Capítulo 39
Un año más tarde
Espero que te gusten los pequeños obsequios que te envío. Ya sé que no son gran cosa: plumas, conchas y dibujos del trayecto, pero espero que cada uno de ellos sirva para que no te olvides de la hermana que siempre te ha querido. ¿Se ocupa la señora Barlow de esas uñas tan sucias? ¿Sigues cuidando de Cora? Por aquí no he visto gatos, aunque sí otros animales exóticos, como monos, tigres y pájaros de todos los colores. Tía Charlotte y yo nos hemos mudado a una colonia británica situada en las montañas intentando encontrar un respiro al calor del verano. Nunca has vivido un calor como este, Ollie. Lo siento hasta en los huesos, aunque para mi sorpresa he descubierto que no me importa, si bien a veces añoro la brisa fresca que traía el océano en Blackmoore.
¿Tienes noticias de Sylvia? O ¿de Henry? Pórtate bien con nuestros padres. Te escribiré pronto. Tal vez alguien pueda ayudarte a escribir una carta. Me encantaría recibir noticias de casa. Te echo de menos.
Con amor:
Kate
Era la quinta carta que le escribía a Oliver, aunque aún no había obtenido respuesta. Tampoco me sorprendía. Dado el tiempo que tardaba una carta en llegar a Inglaterra y lo que le llevaba después a la respuesta hacer el viaje inverso, no era de extrañar que aún no hubiese recibido carta de mi tierra natal. Aunque yo contemplo con impaciencia cómo descargaban el correo cada vez que un barco llegaba a puerto.
—¿Estás ya lista para salir, Katherine?
Mi tía se acercó a mí columpiando el sombrero, que tenía sujeto por las cintas, y con una enorme sonrisa en el semblante. La India le había hecho mucho bien. Siempre había sido un alma optimista, pero en este país era total y absolutamente feliz.
—Sí. Un momento.
Lacré la carta, escribí la dirección del destinatario y recuperé mi sombrero, que estaba colgado en un perchero, de camino a la puerta.
Mi tía se inclinó hacia mí para susurrarme algo al oído.
—Allí. En las ramas del tercer árbol a la derecha.
Escudriñé el árbol que me estaba señalando. Nos habíamos convertido en unas expertas en nuestro pequeño pasatiempo de observar pájaros. Mi tía tenía muy buena vista, si bien a mí se me daba mejor distinguir sus cantos.
—No lo veo —admití después de mirar durante un par de minutos en esa dirección—. ¿De qué color es?
—Negro. De un negro irisado y brillante, casi azulado. Tiene la cola hendida. ¡Oh, es tan bonito!
Atisbé un movimiento en el árbol y el corazón me dio un vuelco. El pulso se me fue acelerando conforme estudiaba el pájaro negro posado en aquella rama.
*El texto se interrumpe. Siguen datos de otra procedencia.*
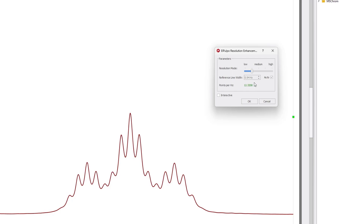Next is the Reference Line Width parameter. You can set this either manually or automatically by checking the Auto box. When Auto mode is chosen, El Pulpo provides a value of 0.94 Hz, which corresponds to the average line width of the spectrum, calculated automatically by the software and then adjusted by a factor currently set to 0.8.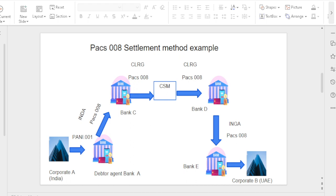PACS.008 settlement method — this is an example of serial payment settlement. Corporate A from India needs to send money to Corporate B in UAE (United Arab Emirates). Corporate A sends a PACS.001 file to the debtor agent bank. The debtor agent bank then connects to an intermediary instructing agent, Bank C, because the debtor agent bank holds a nostro account in Bank C.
—Conozco ese pájaro —susurré—. Lo vi en…
De pronto, un canto interrumpió mis palabras. Grave, agudo, agudo, grave, grave. El pájaro sacudió la cola y cantó de nuevo. Grave y agudo y grave de nuevo. Era un canto dulce y claro. Cerré los ojos e intenté concentrarme en aquel sonido, pero lo único en lo que pude pensar fue en la pequeña sala de música de Blackmoore. Vi a Henry introduciendo sus manos en la jaula y al pájaro negro volando por toda la estancia tan alto como las alas se lo permitían. Aquel canto sonaba a libertad y a fuga, pero al mismo tiempo también sonaba a muerte. Me hacía pensar en alas rotas y en un cuerpo inerte en el suelo de una jaula. Me recordaba a Blackmoore: grave, agudo, agudo y grave de nuevo. Aquel pájaro cantó sin descanso, pero cada vez que su melodía se agudizaba, yo sabía que acabaría con una nota grave. Sabía que siempre acabaría en lamento, que siempre moriría. Siempre llegaría el declive por muy bellas que fueran las notas agudas de su canción.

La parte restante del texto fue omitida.